Maureen MacKenzie was part of the organizing committee that planned out Lacombe Mural Mosaic, which now hangs outside the Provincial Building downtown. Todd Colin Vaughan/Lacombe Express

Mural Mosaic becomes a staple of Lacombe’s downtown

488 tiles created by locals for public art project

Lacombe recently came together to create a work of art that will be a landmark in the City’s downtown for years to come.

The Mural Mosaic, which features some of the most recognizable treasures in Lacombe, was originally slated to be a Canada 150, but due to budget constraints was pushed to be part of this years’s Culture and Harvest Festival.

“We put this one on the map for this year and we reached out to the community for what they would like to see in it,” Organizer Maureen MacKenzie said. “We had a lot of submissions, but the most popular ones were the Flat Iron Building, our trees and the Research Station.

“With the research station, there is so much being done there but the one thing that was really significant was the development of the Lacombe pig.”

Once a concept was created from local submissions, it was then submitted to the Mural Mosaic team to be mapped out.

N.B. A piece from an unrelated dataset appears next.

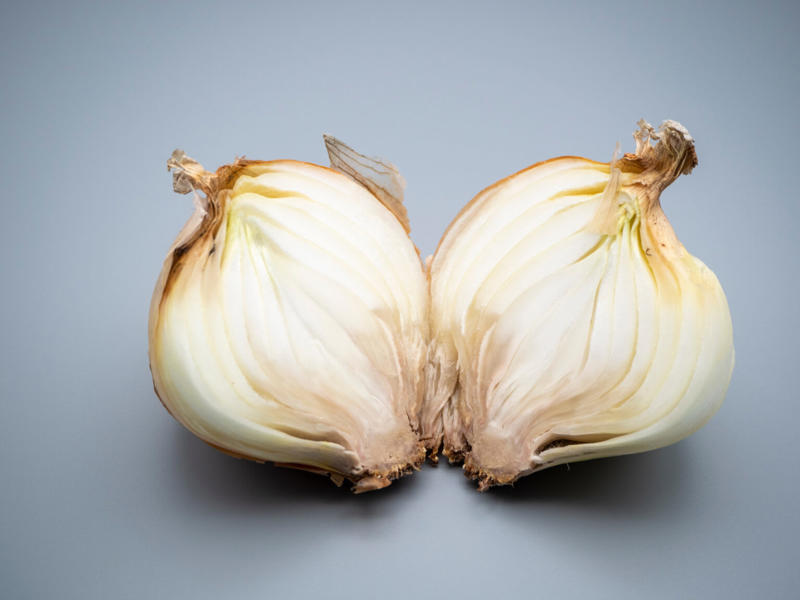 玉ねぎが腐るとどんな状態になるのか, 玉ねぎが腐っているサイン6つ, 1. 強い異臭がある, 2. 表面や中身が柔らかい・ぶよぶよしている, 3. 汁が出ている・ぬめりがある, 4. 白い部分が茶色や黒に変色している, 5. 可食部にカビが生えている, 6. 軸や根元が柔らかい・湿って変色している, 食べてはいけない玉ねぎの状態, 広範囲が柔らかくなっている, 強い異臭が全体から漂っている, 汁やぬめりが出ている, 中まで広がる変色やカビがある, 一部だけ傷んでいる場合の判断, 取り除いて使える場合の条件, カット後に確認するポイント, 安全に使うための注意, 不安なときは捨てる方が安全, 腐った玉ねぎは加熱しても食べられない理由, カビ毒や細菌の毒素は熱に強いことがある, 異臭、ぬめり、汁がある場合は調理しても危険, 新玉ねぎは特に傷みやすい, 新玉ねぎが腐りやすい理由, 傷みでよく見られるサイン, 判断は通常の玉ねぎより厳しめに行う, 玉ねぎを腐らせない保存方法, 常温保存で気をつけたいこと, 暑い季節は冷蔵保存が安心, 冷凍すると柔らかいが腐敗とは異なる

“They came back with this design with the pig hanging out. It is awesome,” MacKenzie said.

To complete the mosaic, 488 out of over 600 tiles were created by locals over the course of three days.

“The community embraced the project and we had so many families and our eldest participant was 93. She was a beautiful woman. It was one of those projects that everyone rallied around and created something outstanding,” she said.

The remaining tiles were created by the Mural Mosaic team in order to properly map out the design. Once completed, the Mosaic was put up on the east side of the Provincial Building downtown, where it will call home for the foreseeable future.

They are painted on Dibond panels, which is really sturdy,” MacKenzie said. “We used acrylic paint which dries really well and then they seal coated it. Being on an east wall, it only gets sun for part of the day which helps too.

“They have them all across Canada, they are wearing really well and we figure around 10 years and hopefully much longer than that.”

She added, “If anything ever happens to the building, it has been done in a way that it can be taken down and put somewhere else. It is Lacombe’s forever.”